There is one problem with this plan: There are already plenty of broadcasters that show or stream esports content, including Twitch or YouTube, both of which have something in common: They’re free.


Just about every esports event out there can be viewed online for free – Sky customers pay a premium for their services, and they are still littered with ads. This makes it incredibly unlikely that new customers will join Sky because of their efforts to get in on the esports game. There are already a few channels that cover esports in the full Sky lineup, but the partnership with GINX probably isn’t going to make a big difference.

Existing Sky customers may or may not make use of the new service, but odds are, if they already were esports fans, they also already found ways to watch the content they are interested in. Experts agree on the questionable nature of Sky’s decision – “It’s an interesting experiment to see if people are prepared to pay,” says NZ eSports Federation president Ben Lenihan of Sky’s move.

“The popular thinking is, esports will always have to be free,” Lenihan says. “[Fans] can watch it on YouTube, Twitch – they usually don’t have a paywall in front of them. It will be interesting to see how GINX will go with international content which is already available online.”

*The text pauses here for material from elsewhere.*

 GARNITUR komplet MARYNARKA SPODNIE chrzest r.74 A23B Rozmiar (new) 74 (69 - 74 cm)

NZ Game Development Association Chairman Michael Vermeulen said: “You’ve got a bunch of games streaming at the same time and you’ve got a lot of choice. I imagine a Sky esports channel would be quite curated but, at the same time, I think it’s great that Sky is doing this because they’ve got all the sports, and it just kind of legitimatises esports as an actual sport out in the world.”

Additionally he said: “I see it more as Sky has seen an opportunity here and jumped on it. I don’t think it will make a difference for Twitch, per se, I know very few people under the age of 40 that have a Sky subscription, so it certainly seems like something they want to try out. People going to pubs or wherever to watch sports on Sky – it won’t be long until people are doing that for esports as well.”

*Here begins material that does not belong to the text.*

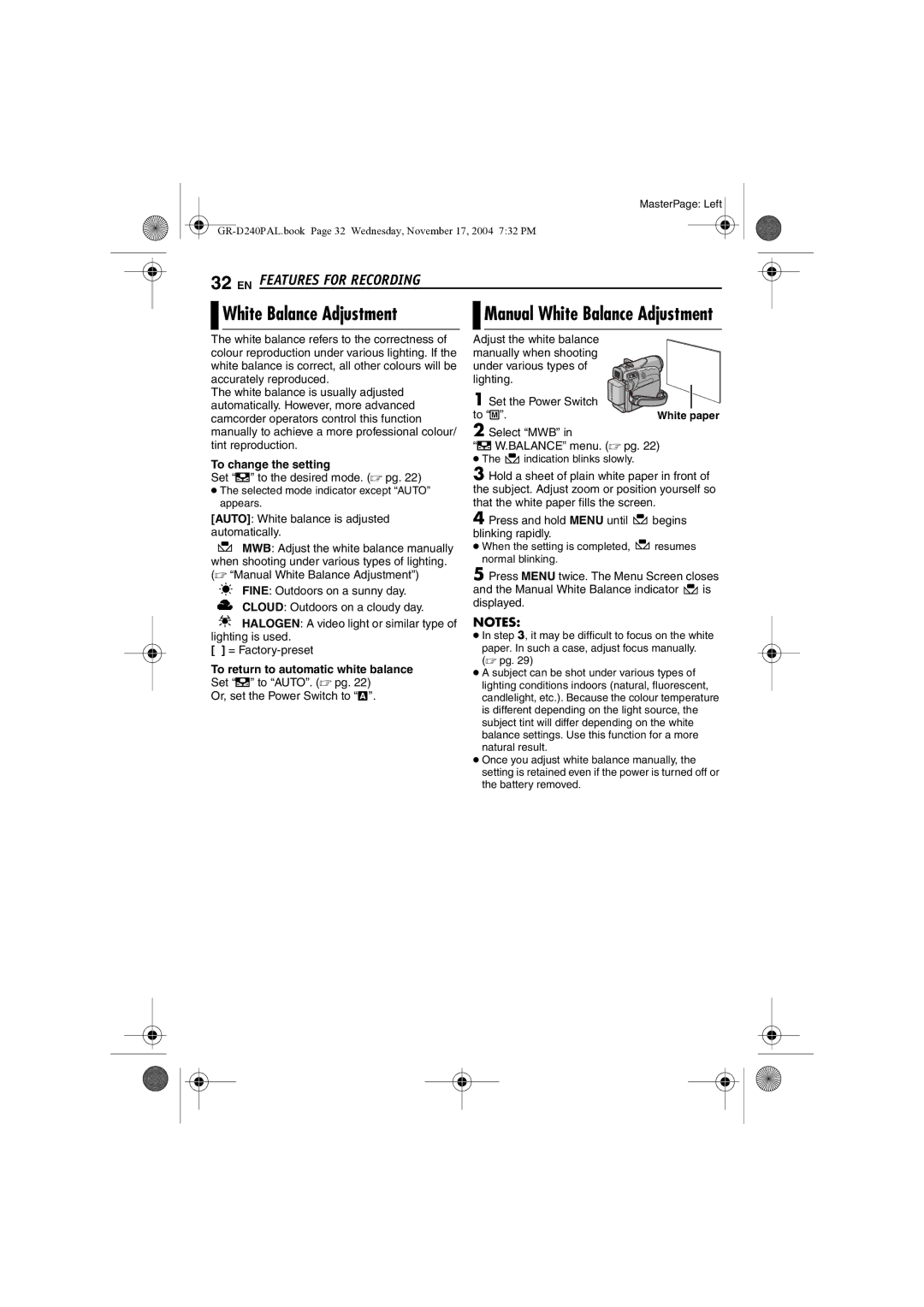 JVC GR D 240 manual White Balance Adjustment, To change the setting, To return to automatic white balance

He’s definitely right – this new move won’t impact any of the esports platform. As for the subscriber age, we’re not so sure about that – Sky’s varied packages do make it appealing to different age groups, but that’s a different matter entirely.

The move that Sky made – one towards esports – isn’t exactly a surprise. Only a few weeks ago, Disney (and its channels) partnered with Blizzard to bring Overwatch matches to Disney’s many TV channels. That move was wildly successful and praised by fans of Overwatch, esports, and the Disney channels alike.

Whether or not this is Sky’s original idea or simply some good old-fashioned copycatting remains to be seen, but either way, it’s doubtful Sky’s partnering with GINX will have any long-term impact on the companies viewers…or indeed on esports fans’ viewing habits.